Substitution Cipher: Algorithm
The basic algorithm of the substitution cipher breaker
can be characterized as hillclimbing with several
random starting points. Our "landscape" consists of all permutations
(substitutions) of the 27 characters allowed in the cipher-text.
We will distinguish three phases:
Phase 1: Picking a Starting Point
Originally we picked an arbitrary permutation of the
alphabet. However, it proved to be better to start with
a permutation that is "close" to the optimal permutation
according to a single letter (monogram) frequency analysis.
By close we mean that the permutation can be obtained by a few
transpositions (swaps) of neighbouring elements from this optimal
permutation.
Phase 2: Climbing the Hill using Trigram Scoring
Giving a permutation to start with and a
scoring scheme based on trigrams that
assigns values to permutations. We now try to improve the permutation.
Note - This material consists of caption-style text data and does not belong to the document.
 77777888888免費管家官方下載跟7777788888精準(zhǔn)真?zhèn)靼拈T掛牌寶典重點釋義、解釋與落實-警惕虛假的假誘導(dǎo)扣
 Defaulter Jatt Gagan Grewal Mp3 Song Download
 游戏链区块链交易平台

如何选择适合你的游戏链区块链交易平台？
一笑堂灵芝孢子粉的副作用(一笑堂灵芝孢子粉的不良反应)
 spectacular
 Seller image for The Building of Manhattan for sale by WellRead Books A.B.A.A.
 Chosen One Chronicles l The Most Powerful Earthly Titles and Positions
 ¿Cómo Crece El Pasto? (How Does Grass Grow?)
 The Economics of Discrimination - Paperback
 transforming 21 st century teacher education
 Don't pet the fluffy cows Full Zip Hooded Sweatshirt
That is we try to modify the permutation slightly so that the score
of the modified permutation is higher than the score of the original
one. We do so until we cannot improve the permutation anymore.
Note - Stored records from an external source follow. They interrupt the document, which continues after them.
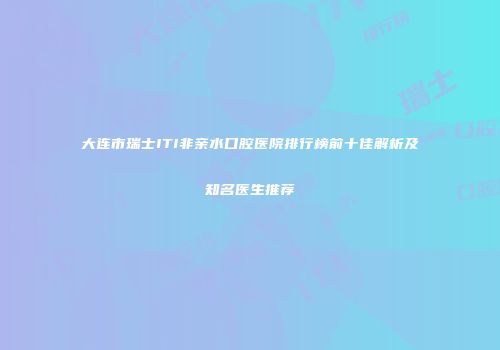 大连市瑞士ITI非亲水口腔医院排行榜前十佳解析及知名医生推荐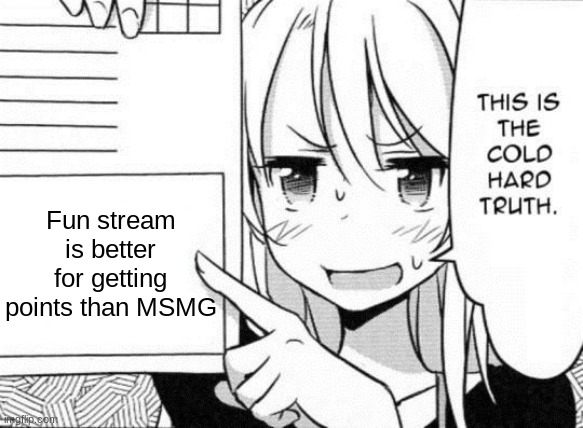 This is the cold hard truth | Fun stream is better for getting points than MSMG | image tagged in this is the cold hard truth | made w/ Imgflip meme maker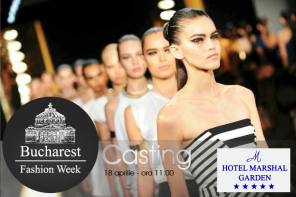 Casting Bucharest Fashion Week – 18 aprilie, Hotel Marshall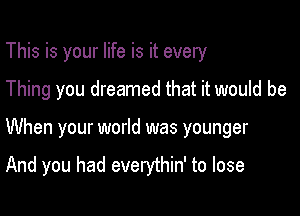 This is your life is it every

Thing you dreamed that it would be

When your world was younger

And you had everythin' to lose
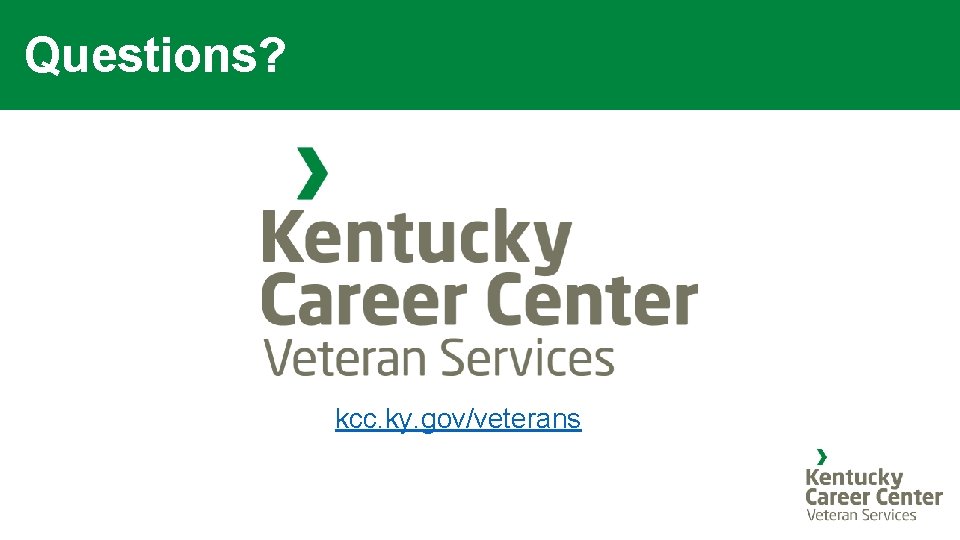 Questions? kcc. ky. gov/veterans 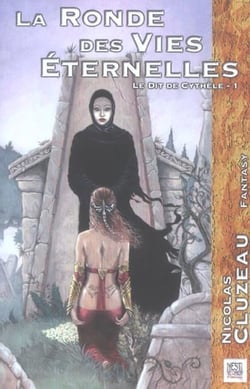 Ronde des Vies Eternelles-Le Dit Cyt. 1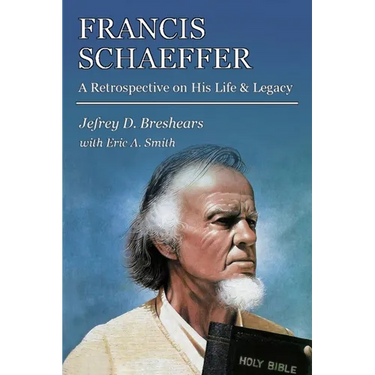 Francis Schaeffer: A Retrospective on His Life and Legacy
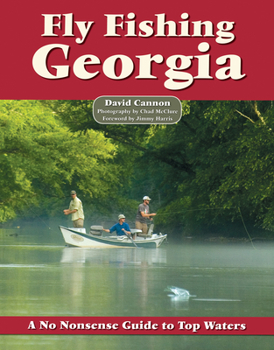 Paperback Fly Fishing Georgia: A No Nonsense Guide to Top Waters Book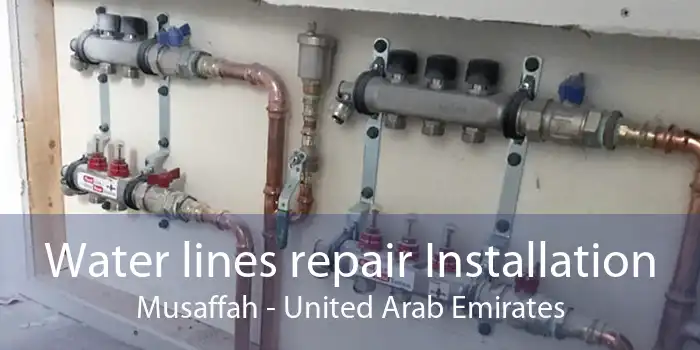 Water lines repair Installation Musaffah - United Arab Emirates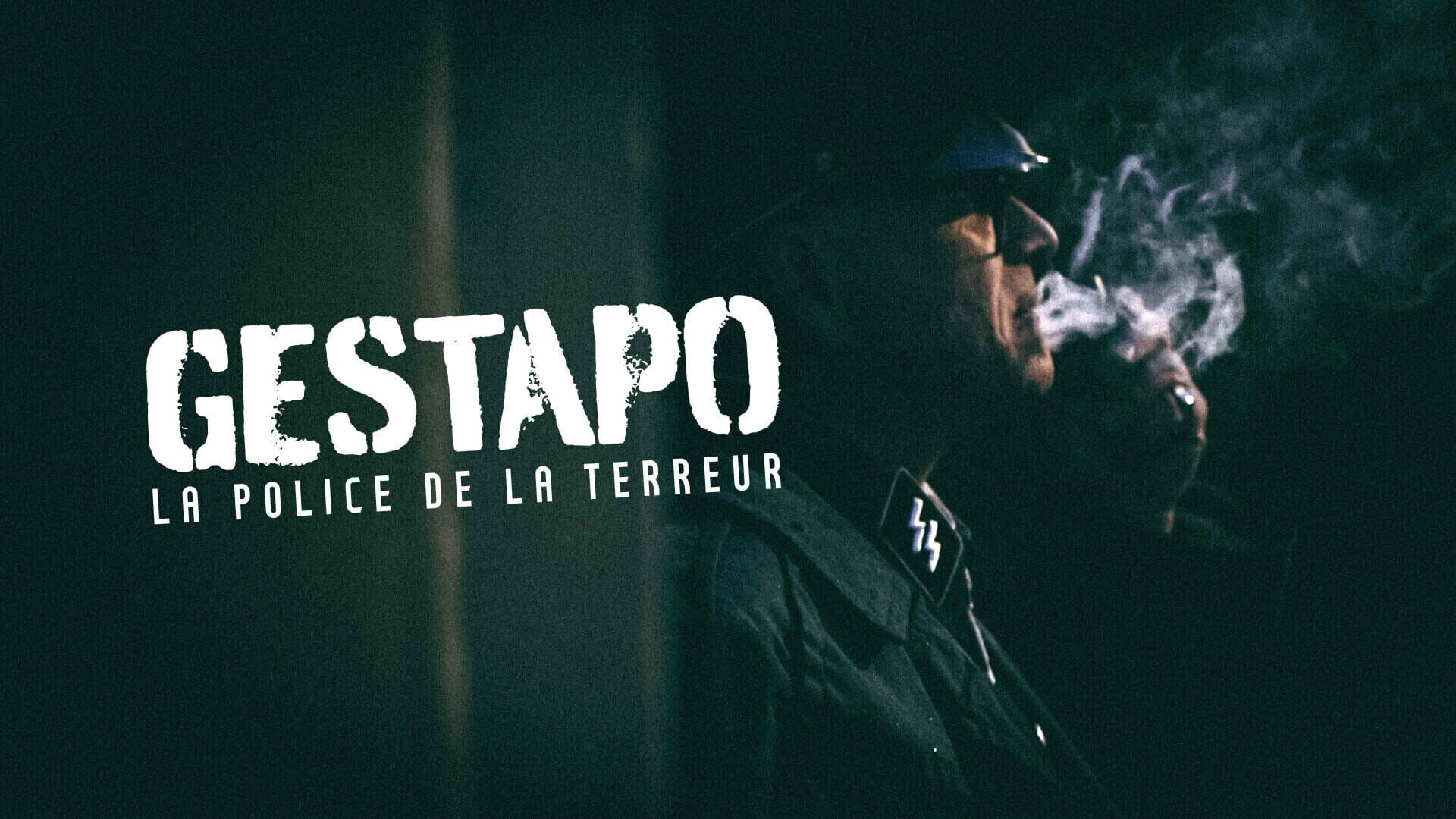 Gestapo : la police de la terreur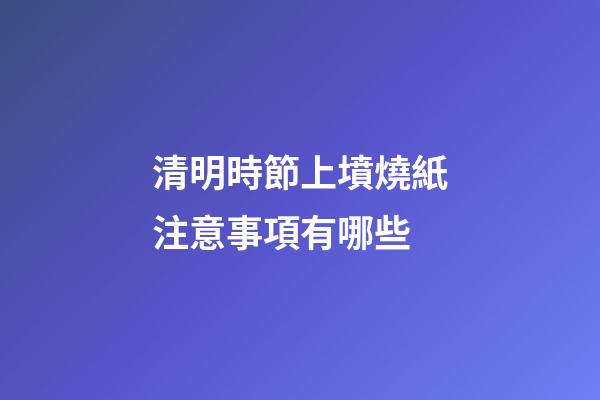 清明時節上墳燒紙注意事項有哪些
As "slight modifications" we only consider transpositions.
Phase 3: Climbing the Hill using Dictionary Scoring
This phase tries to fine tune the permutation that was the result
of phase 2. It also employs hillclimbing but uses a different
dictionary based scoring scheme.
Phase 1 to 3 are repeated several times. The permutations that had the highest
scores are saved.
Somtimes the dictionary optimization (phase 3) does more harm
than good especially if there are many words in the text that are not in the
dictionary. We therefore save not only the permutatation that had the highest
dictionary score but also the one that had the highest trigram score.
Last Update: 97/06/20